Here are some sequences that are hopefully a better illustration of this problem. The first 2 sequences are individual fwd and rev reads and the 3rd one is a contig that I got by using make.contigs(file=stability.file). The primer sequences (below) can be found in the individual reads + in the contig. The way the contig is constructed doesn’t seem right to me (the amplicons I’m trying to analyze should be about 200 bp long). What can I do to get rid of the primer sequences from the reads?

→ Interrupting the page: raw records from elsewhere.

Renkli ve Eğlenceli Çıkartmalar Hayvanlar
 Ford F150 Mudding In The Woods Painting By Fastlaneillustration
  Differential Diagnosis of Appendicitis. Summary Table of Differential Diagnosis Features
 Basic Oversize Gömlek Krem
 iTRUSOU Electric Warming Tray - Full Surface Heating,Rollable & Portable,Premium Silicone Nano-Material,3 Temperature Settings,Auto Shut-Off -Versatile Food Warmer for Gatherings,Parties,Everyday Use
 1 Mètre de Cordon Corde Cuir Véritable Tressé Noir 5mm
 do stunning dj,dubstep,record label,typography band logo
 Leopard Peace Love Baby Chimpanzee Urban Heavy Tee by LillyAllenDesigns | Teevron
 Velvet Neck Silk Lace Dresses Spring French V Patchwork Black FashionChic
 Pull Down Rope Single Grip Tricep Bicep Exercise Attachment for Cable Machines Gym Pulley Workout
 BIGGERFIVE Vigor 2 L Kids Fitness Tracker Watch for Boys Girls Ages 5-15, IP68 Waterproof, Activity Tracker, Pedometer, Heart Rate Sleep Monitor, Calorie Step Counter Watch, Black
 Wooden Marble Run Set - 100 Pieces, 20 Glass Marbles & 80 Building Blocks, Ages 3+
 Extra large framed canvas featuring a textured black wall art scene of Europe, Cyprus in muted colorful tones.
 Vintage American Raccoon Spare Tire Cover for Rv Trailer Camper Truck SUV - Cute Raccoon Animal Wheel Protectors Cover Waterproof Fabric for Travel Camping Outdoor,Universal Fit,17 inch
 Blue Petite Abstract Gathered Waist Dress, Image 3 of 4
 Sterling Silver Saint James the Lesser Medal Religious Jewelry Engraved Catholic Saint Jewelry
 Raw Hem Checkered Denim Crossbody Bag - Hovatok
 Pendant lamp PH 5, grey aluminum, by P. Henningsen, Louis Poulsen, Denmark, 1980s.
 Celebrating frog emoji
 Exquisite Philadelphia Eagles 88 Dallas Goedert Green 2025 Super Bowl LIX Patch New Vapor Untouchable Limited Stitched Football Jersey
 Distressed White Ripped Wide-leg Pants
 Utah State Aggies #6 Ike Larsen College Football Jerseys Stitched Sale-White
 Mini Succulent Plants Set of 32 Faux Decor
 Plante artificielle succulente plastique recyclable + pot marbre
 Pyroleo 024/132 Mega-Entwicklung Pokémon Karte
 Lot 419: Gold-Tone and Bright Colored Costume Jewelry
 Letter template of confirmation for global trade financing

@M01168:43:000000000-A3F87:1:1101:14789:1828 1:N:0:13
CTCACAGCCCTGGTCATGGCCCGAACCTTGTGGCGATTGCGGTTTCGGGGATTGCGGCACGTGTCAGCCGCCGCGGTAAAACCAGCCACTGACTGACAGGCGCCATCTCGTATGCCGTCTTCTGCTTGAAAAAAAAAAAATAAAACAAAGCAATAAGCGACTCTAAACAGACAGGATGACATATCAACCATTAAAAAAGTGACAAGAAAAAGGACAAAAGTTGCTAAAAAAAAAGAACGACAAAGCTGTGG
@M01168:43:000000000-A3F87:1:1101:14789:1828 2:N:0:13
CGTGCCGCAATACCCGAAACCGCAAGCGCCACAAGGTTCGGGCCATGACCAGGGCTGTGATATTCGCGCCTGGGGCGCGACGTACGTCATGGTGTAGATCTCGGTGGTCGCCGTATCATTAAAAATAAAAAAACTTCACAACTACCGACTGCATTATTAAAATAGCTCCAATGAACCGATAGATAAACGAAAAGAATAGAACATGACGAGATAGGGGAGACTGGGAGACGAAAGAAGGGCGGAAGAGGAAA
M01168_43_000000000-A3F87_1_1101_14789_1828
TTTCCTCTTCCGCCCTTCTTTCGTCTCCCAGTCTCCCCTATCTCGTCATGTTCTATTCTTTTCGTTTATCTATCGGTTCATTGGAGCTATTTTAATAATGCAGTCGGTAGTTGTGAAGTTTTTTTATTTTTAATGATACGGCGACCACCGAGATCTACACCATGACGTACGTCGCGCCCCAGGCGCGAATATCACAGCCCTGGTCATGGCCCGAACCTTGTGGCGNTTGCGGTTTCGGGNATTGCGGCACGTGTCAGCCGCCGCGGTAAAACCAGCCACTGACTGACAGGCGCCATCTCGTATGCCGTCTTCTGCTTGAAAAAAAAAAAATAAAACAAAGCAATAAGCGACTCTAAACAGACAGGATGACATATCAACCATTAAAAAAGTGACAAGAAAAAGGACAAAAGTTGCTAAAAAAAAAGAACGACAAAGCTGTGG
primer GYGCASCAGKCGMGAAW GCBGGTDTTACCGCGGCGGCTGRCA
BARCODE CATGACGTACGTC GGAGCC EH-1
Sorry, I forgot to mention earlier that the scrap file error code in the above cases was bf.